This issue was discussed over at Science Professor, but I had so many thoughts about this, I figured I'd put them here instead of clogging up her comment box.
I think the thing that bugs me the most about these couple hires is that, since men typically look better on paper than women do, the wives of recruited men get closer consideration than single women applying our own.
Her CV gets pulled out of the B pile when he gets picked for an interview. So someone who might have fewer papers - but gives a great talk - gets the chance to give her talk, where she might not otherwise.
Obviously I think everyone brings different things to the table, and I'm glad these women are being hired, however they got there.
In fact, the vast majority of successful women in my field were couple hires, because of their husbands looking better on paper and the sexism of their generation, etc.
That's fine, except for the part where they are horribly ill-equipped to advise me on how to get my foot in the door. And in some cases, they are so psychologically non-functional as to not even want to admit that this is probably at least part of why they were able to get a job at all.
Perhaps the hardest part - getting noticed - was at least a little bit easier for them because of their husband's work and/or boy's network contacts, even if they were ultimately hired on their own merits.
I ran into a friend recently who is in the opposite position. His wife is a successful young professor, and because he wants to be near her and everyone knows it, his department has been exploiting this fact by keeping him in a glorified postdoc position for way too long.
It's cheaper for them than offering him a faculty position, and because they know his wife isn't willing to move away, it seems like the savvy business choice.
Except that he's spectacular and they're idiots not to give him more resources; conversely, he and his wife should be getting competing offers from elsewhere, even if they're not sure they'd want to move.

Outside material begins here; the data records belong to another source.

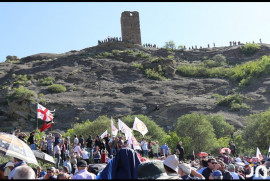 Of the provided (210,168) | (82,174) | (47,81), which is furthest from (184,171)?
(47,81)

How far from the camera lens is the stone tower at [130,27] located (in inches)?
3419

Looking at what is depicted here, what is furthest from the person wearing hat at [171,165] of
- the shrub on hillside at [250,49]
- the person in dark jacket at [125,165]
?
the shrub on hillside at [250,49]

It seems to me this is the only way he'll ever get out of his current rut.
Except that he's feeling like I am, that maybe he's not deserving of a faculty position or he would have had one by now.

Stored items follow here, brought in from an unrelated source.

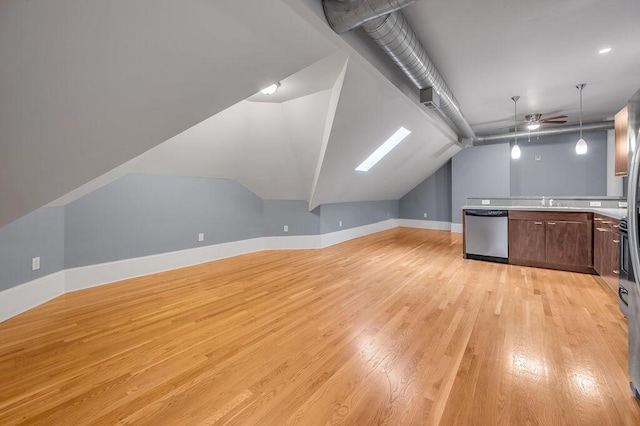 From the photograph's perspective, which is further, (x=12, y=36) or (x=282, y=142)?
(x=282, y=142)

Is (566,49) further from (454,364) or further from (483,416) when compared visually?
(483,416)

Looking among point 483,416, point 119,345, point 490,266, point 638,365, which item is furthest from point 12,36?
point 490,266

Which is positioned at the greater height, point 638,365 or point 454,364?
point 638,365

Little do they realize he's thinking of quitting and going to industry. Academia is always more than willing to cut off the nose to spite the face.
I suspect his type of story occurs more frequently, or used to, with the woman as the trailing spouse and the man as the professor who doesn't want to leave?
I'd like to think the tide is changing. I have another friend who just published a very high impact paper, and she and her husband have been going on interviews. I'm not sure if she realizes it, but her work is MUCH better than his. And I suspect this is why they're getting interviews.
I'm curious, though, to see if she continues to outshine him after they both start their labs and start having kids.
Something like this happened with a couple hire at our university a few years ago, and I still don't quite understand how it all played out. Having seen both of their job talks and publications, my impression was that the wife was the better scientist and more of a 'catch' than her husband, and that she was the reason they recruited him.
But since they've been here, he seems to get all the attention, and I don't really understand why. Has anybody else seen this phenomenon? Is she just getting buried with writing grants and papers, while he is out giving talks and getting face-time? They seem to have a division of labor where he is much more social and political, perhaps because she's the one taking care of their young child. I've found the whole thing really discouraging, even just watching from a distance. I have to wonder if it's because he dumps all the house and childwork on her, if he's that type of guy. They seem to be in the majority, even now.